Il existe d’ailleurs, je le dis au passage, des États qui ont choisi un modèle différent du nôtre. On observera ainsi qu’en Italie, s’il y a des ventes, l’exportation d’œuvres d’art n’est pas possible : ces œuvres ne peuvent être vendues qu’à des acheteurs qui les conserveront sur le sol italien.
Une telle solution, parfaitement concevable, est conforme au droit européen, mais elle n’est probablement pas dans l’intérêt des professions du négoce, qu’elles soient traditionnelles ou plus intégrées.
En tout état de cause, dès lors que la France a fait le choix d’avoir un marché de l’art qui soit en communication avec l’ensemble du monde, il faut bien appliquer à celui-ci les règles de base en matière de TVA.
Au demeurant, le handicap doit être relativisé, car lorsque les collectionneurs sont des non-résidents, ce qui est tout de même assez fréquent, la TVA est restituée.
Je rappelle à ceux qui remettent en cause, assez régulièrement, le régime de la TVA que la modification de celui-ci relève, dans les institutions communautaires, du principe de l’unanimité et qu’il n’est pas simple d’obtenir un changement des règles du jeu.
S’agissant du droit de suite, qui est lui aussi souvent contesté – dans bien des cas, à juste titre –, il me semble important de préciser que c’est nous, Français, qui l’avons inventé et qui avons convaincu, à l’époque, nos partenaires européens de l’appliquer, démarche qui avait sans doute été inspirée, pour une part, par un certain nombre de professionnels du secteur…
Peut-être sera-t-il possible à la France de reconsidérer sa position au cas où les Britanniques obtiendraient la prorogation au-delà de 2012 du régime particulier qui est le leur : il leur permet de n’appliquer le droit de suite qu’aux seuls artistes vivants. Mais, jusqu’à ce que cette opportunité, à laquelle il faudra être attentif, se matérialise, il est difficile à la France de transformer radicalement sa position en la matière.
Nous pouvons, certes, mes chers collègues, être préoccupés par la place décroissante de notre pays sur le marché mondial des ventes de produits culturels et d’art, où nous ne « pèserions » qu’un peu plus de 6 % des transactions globales. Cette branche d’activité est aujourd'hui structurée par des entreprises mondiales qui fournissent des services et s’efforcent de développer leurs parts de marché, mais aussi par un très grand nombre de professionnels d’origine française – commissaires-priseurs, antiquaires, experts… – qui forment un tissu auquel il faut veiller.
À cet égard, et c’est l’une des utiles initiatives qui seront proposées à notre assemblée, il me semble qu’un amendement prévoit la préservation du titre de commissaire-priseur.
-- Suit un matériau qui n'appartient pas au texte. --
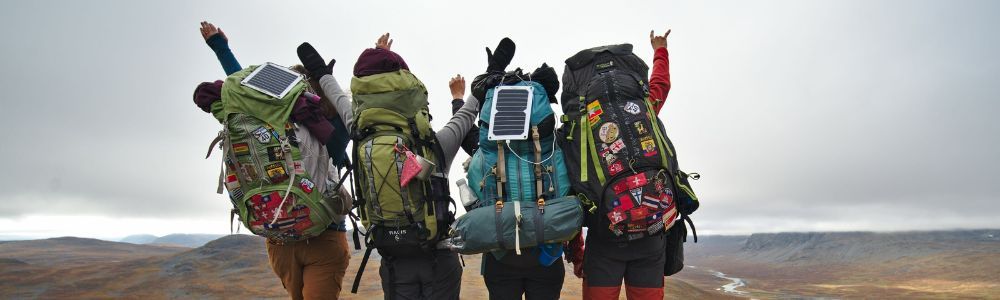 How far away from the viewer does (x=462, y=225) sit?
418cm

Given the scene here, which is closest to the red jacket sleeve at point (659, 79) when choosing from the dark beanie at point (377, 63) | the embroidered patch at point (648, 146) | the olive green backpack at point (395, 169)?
the embroidered patch at point (648, 146)

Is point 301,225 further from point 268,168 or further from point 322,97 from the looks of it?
point 322,97

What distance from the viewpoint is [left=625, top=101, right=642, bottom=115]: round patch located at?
4512mm

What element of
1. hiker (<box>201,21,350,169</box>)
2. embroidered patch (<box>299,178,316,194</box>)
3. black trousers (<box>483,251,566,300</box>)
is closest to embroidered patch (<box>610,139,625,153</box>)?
black trousers (<box>483,251,566,300</box>)

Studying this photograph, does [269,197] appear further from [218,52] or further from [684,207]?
[684,207]

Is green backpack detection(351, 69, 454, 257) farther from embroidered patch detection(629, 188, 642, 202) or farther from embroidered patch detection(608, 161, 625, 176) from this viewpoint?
embroidered patch detection(629, 188, 642, 202)

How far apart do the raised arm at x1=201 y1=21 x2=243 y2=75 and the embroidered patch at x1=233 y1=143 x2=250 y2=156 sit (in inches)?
63.4

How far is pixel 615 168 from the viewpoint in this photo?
4.37 meters

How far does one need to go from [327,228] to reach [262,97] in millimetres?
1684

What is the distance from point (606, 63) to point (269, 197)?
3805 millimetres

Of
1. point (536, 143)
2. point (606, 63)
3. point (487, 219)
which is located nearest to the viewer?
point (487, 219)

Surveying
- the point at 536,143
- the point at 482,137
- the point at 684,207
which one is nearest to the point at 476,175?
the point at 482,137

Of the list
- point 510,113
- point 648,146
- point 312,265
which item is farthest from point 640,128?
point 312,265

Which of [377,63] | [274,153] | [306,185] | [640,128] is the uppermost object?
[377,63] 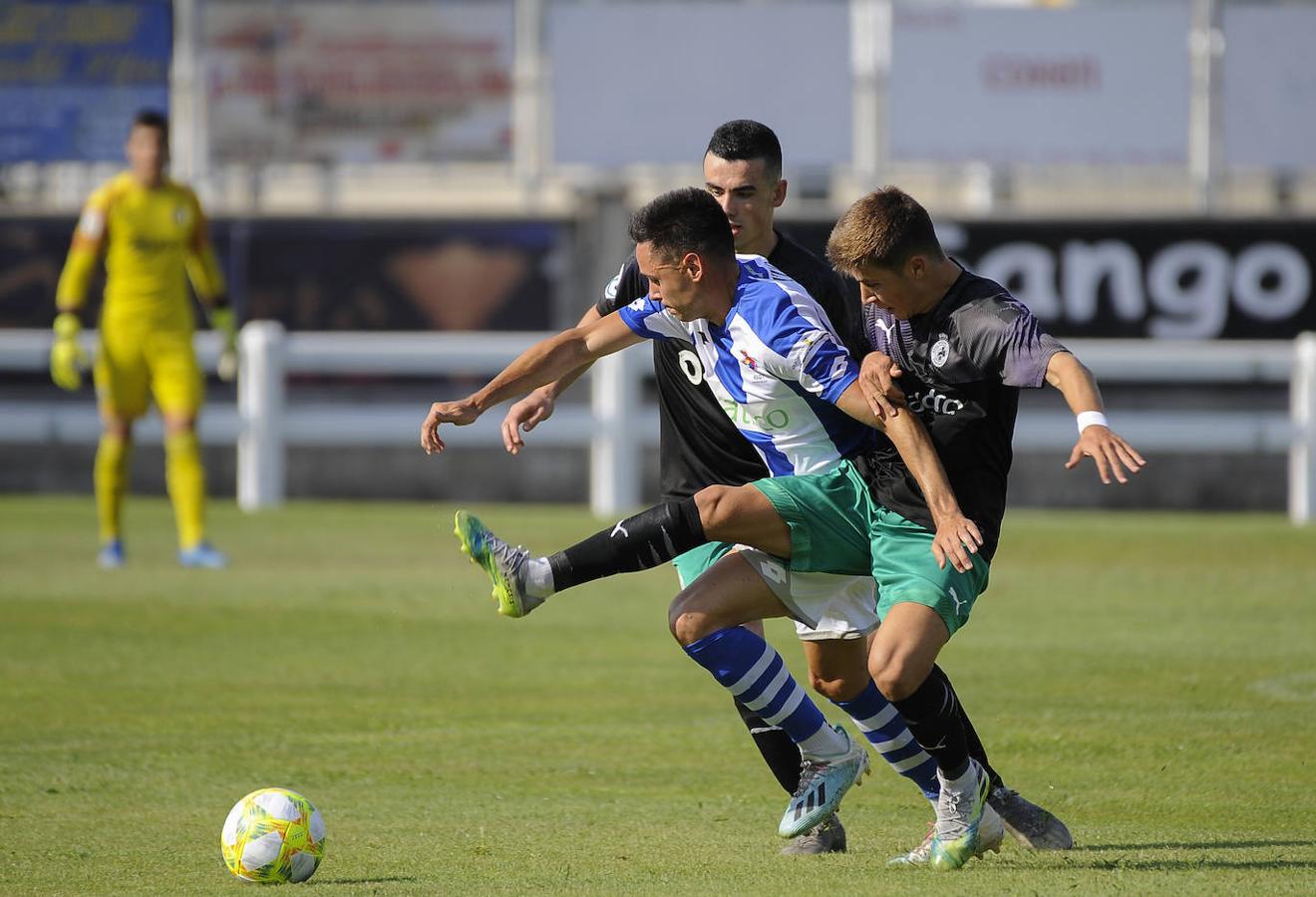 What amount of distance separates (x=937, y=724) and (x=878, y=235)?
1.39 m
M. Jean-Jacques Hyest, président de la commission des lois. En effet !
M. Philippe Marini. En même temps qu’un symbole, c’est la marque d’un respect envers toute une profession, son passé et les valeurs qu’elle incarne.
Le législateur de la loi de 2000 avait mis en place tout un arsenal de protection, afin de permettre aux usagers de s’y retrouver et de faire progresser la transparence dans un domaine où elle n’est guère facile à imposer.
Mais si l’étendue des garanties juridiques suffisait à assurer la compétitivité d’un marché, cela se saurait ! De ce point de vue, on ne peut esquiver une question simple : comment se fait-il que les majors anglo-saxonnes aient pu s’assurer, en moins de quarante ans, la domination presque sans partage du marché mondial de l’art, alors que, dans leurs clauses contractuelles, ces entreprises de service ne garantissent en rien, en dehors des faux manifestes, l’authenticité des œuvres vendues ?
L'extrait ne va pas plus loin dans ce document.